Selon l’organisation de l’entreprise, on confie la fonction de community manager à une personne des RH ou à une personne que l’on a sensibilisé et formé au sujet RH. Ce dernier doit répondre à toutes les questions, même celles qui fâchent, ne laisser aucun sujet en suspend et modérer. De même, on peut désigner des porte-paroles officiels ou des communautés de collaborateurs qui sont à l’aide avec les réseaux sociaux, sans oublier de leur rappeler de distinguer, notamment sur Twitter©, compte personnel/compte professionnel.

L’ensemble se doit d’être encadré, notamment avec les services juridiques, et nécessite de former les collaborateurs.

La Quotidienne. En terme d’organisation et de formation, qu’impose l’élaboration et la mise en œuvre d’un plan d’action marketing RH pour le service et le personnel RH ? Faut-il recruter un nouveau profil ou faire monter en compétence un des membres du service, avoir recours à une agence ou déléguer à la direction de la communication tout en gardant la « maîtrise d’ouvrage » ?

I. L. S. C’est le cœur du problème et les questions de territoires persistent entre ces deux directions dans certaines entreprises.

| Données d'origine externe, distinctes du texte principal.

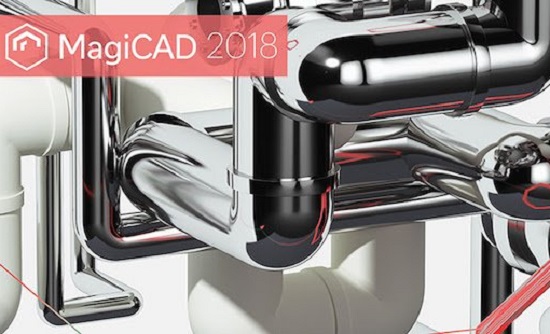 webinar MagiCAD 2018 UR-3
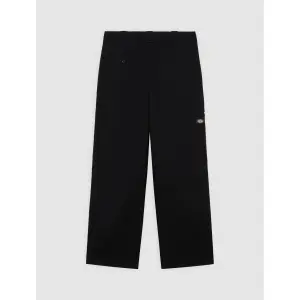 247 Loose Work Trousers for Women Dickies image-3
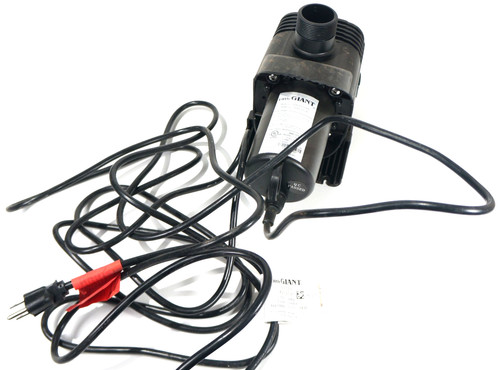 Little giant f20 2700 energy - giant, f20-2700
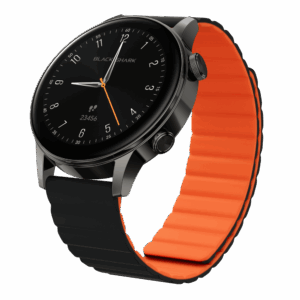 Black Shark S3 Black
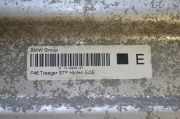 Aufprallträger hinten BMW 2er Gran Tourer (F46) 7318825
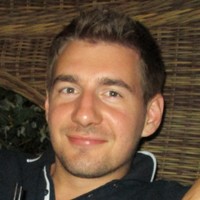 Miloš Auder Email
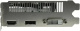 фото Видеокарта Afox nVidia GeForce GTX 1050, 4 ГБ GDDR5, (AF1050-4096D5H4-V2) в Волгограде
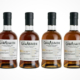The GlenAllachie Whisky Range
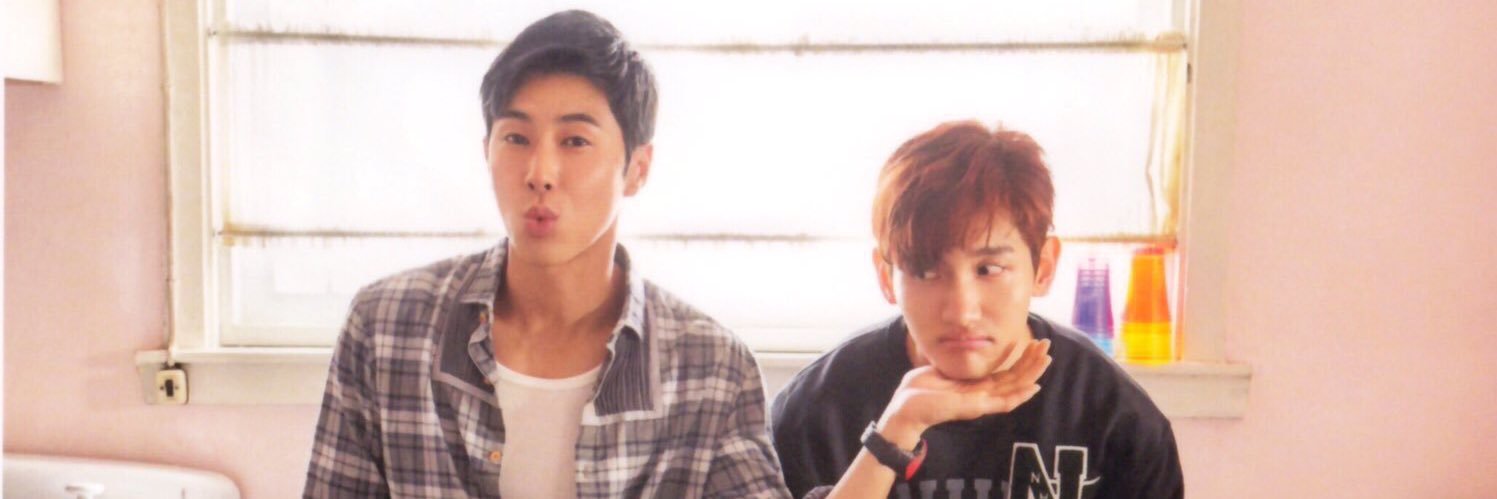 yawwwko's profile banner image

Si le DRH est reconnu comme un acteur majeur au sein de l’entité, qu’il siège au comité de direction et participe à la détermination de la stratégie, cela pose la personne, la fonction, et montre que le chef d’entreprise accorde de l’importance à la fonction RH et ne souhaite pas la cantonner dans ses fonctions basiques.

Toutefois, les deux directions peuvent travailler main dans la main, tout va dépendre de l’organisation de l’entreprise : le responsable de communication peut être rattaché aux RH. La matière RH demande des connaissances et la responsable communication ne les a pas forcément. Il peut en être de même côté RH concernant les acquis en marketing et en communication. On peut soit former une personne de la communication ou faire monter en compétences une personne des RH aux techniques de marketing et de communication. Il n’y a pas de raison de privilégier l’un ou l’autre, tout dépend de l’organisation interne et des questions budgétaires propres à chaque société. C’est aussi une question de sensibilité, les RH n’ont pas forcément envie de s’investir sur ces sujets car trop accaparées par leurs autres missions.

Je serai moins favorable à la délégation à une agence, sauf dans le cas d’un événement ponctuel ou pour assurer une importante campagne qui demande des ressources. Avec l’agence, on a moins de réactivité. Aujourd’hui les entreprises ont du mal à comprendre qu’on doit être réactif. On est encore trop souvent dans des process de validation. Il faut faire confiance et confier à une personne les bons éléments de discours afin qu’il puisse répondre rapidement.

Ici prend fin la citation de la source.